Re: couchdb view performance

Posted by Paul Davis <pa...@gmail.com>.
On Thu, Mar 26, 2009 at 6:36 PM, Adam Wolff <aw...@gmail.com> wrote:
> Hi everyone,
> We are running an alpha version of our software against a couchdb instance
> with a handful of documents, and we're seeing response times from our views
> of ~500ms. This is measured both within our application, and hitting the
> view directly using firebug+firefox.
> The view I'm talking about matches about 5 documents and returns about 9K of
> data. I'm running:
> Apache CouchDB 0.8.1-incubating (LogLevel=info)
> Erlang (BEAM) emulator version 5.6.5 [source] [async-threads:0] [hipe]
> [kernel-poll:false]
>
> This is all running on my MacBook Pro 2.33GHz Core 2 Duo with 3GB of RAM.
>

You'll definitely want to upgrade to trunk, or 0.9 which is just now
out for testing pre-release at [1]. 500 ms is way way slow, trunk
should help, but there's probably something else going on as well.

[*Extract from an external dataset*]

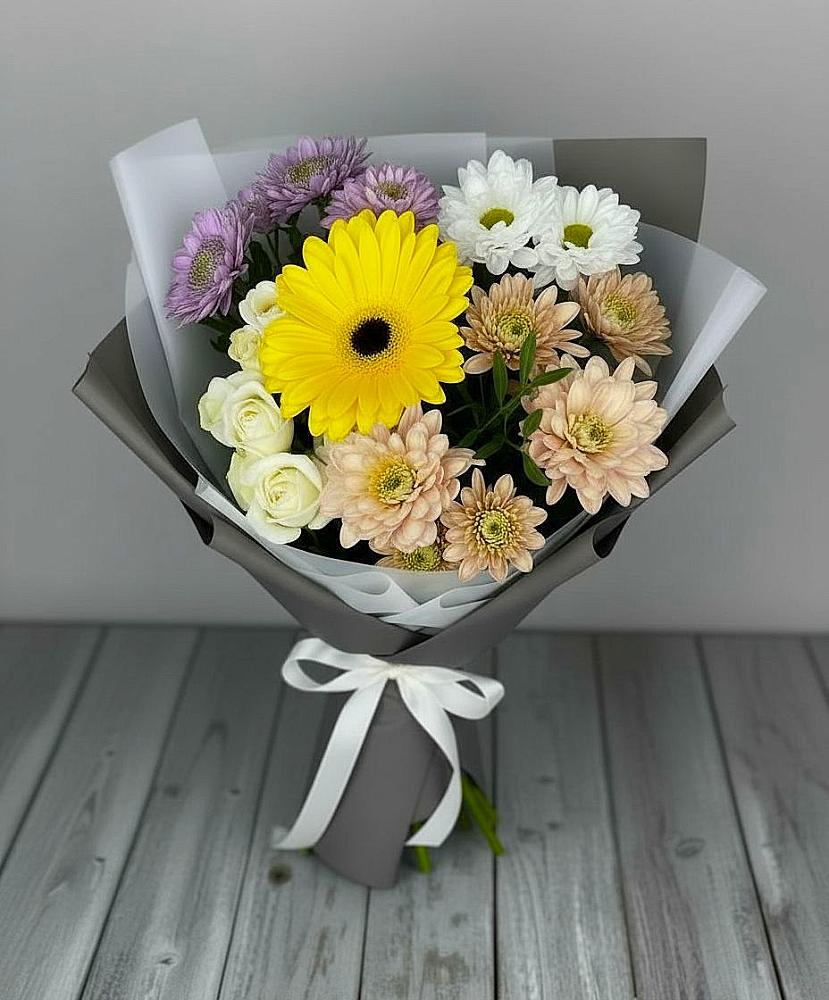 Букет цветов из: Розы, Герберы и Хризантемы в Леонтьево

> By logging, I can see that my reduce function is running every time I access
> the view. The response time is about the same whether I've committed a new
> version of one of the documents in the view or not. This surprised me, since
> I thought that view results were cached. I've also tried logging the amount
> of time actually spent *in* my reduce function, but that appears to be
> negligible.
>

The reduce function is generally run once per final reduce operation
currently. If I'm not mistaken, this means that you get it once per
key when group=true and just once when group=false

> I am seeing some very fast responses from couchdb, for straight resource
> access -- on order 10ms. But all of my views are relatively slow -- even
> ones that don't have a reduce step.
>
> So, I'm wondering if I have a bad version, or bad config, or if this is
> expected performance. I'm sure things are running faster in trunk, but I
> want to get a feel for what kind of performance I can expect from a view
> with a fairly complicated reduce step.
>

When you say fairly complicated, how do you mean? There is a size
output constraint for reductions. Ie, reduce functions should return
data that grows less than log(# keys reduced) because of data is
stored in the internal btree nodes.

> Thanks in advance for any advice,
> A
>

Also, the mechanics of reduce calculations have been on the back
burner for awhile in terms of keeping those partial reductions around.
I'm not 100% familiar with the entire code path, but I know that
there's definitely room for improvement but the speed optimizations
are being pushed back in favor of pulling in the big features.

If nothing looks obvious, you can try pasting your M/R functions to
see if anyone spots something that looks slow.

HTH,
Paul Davis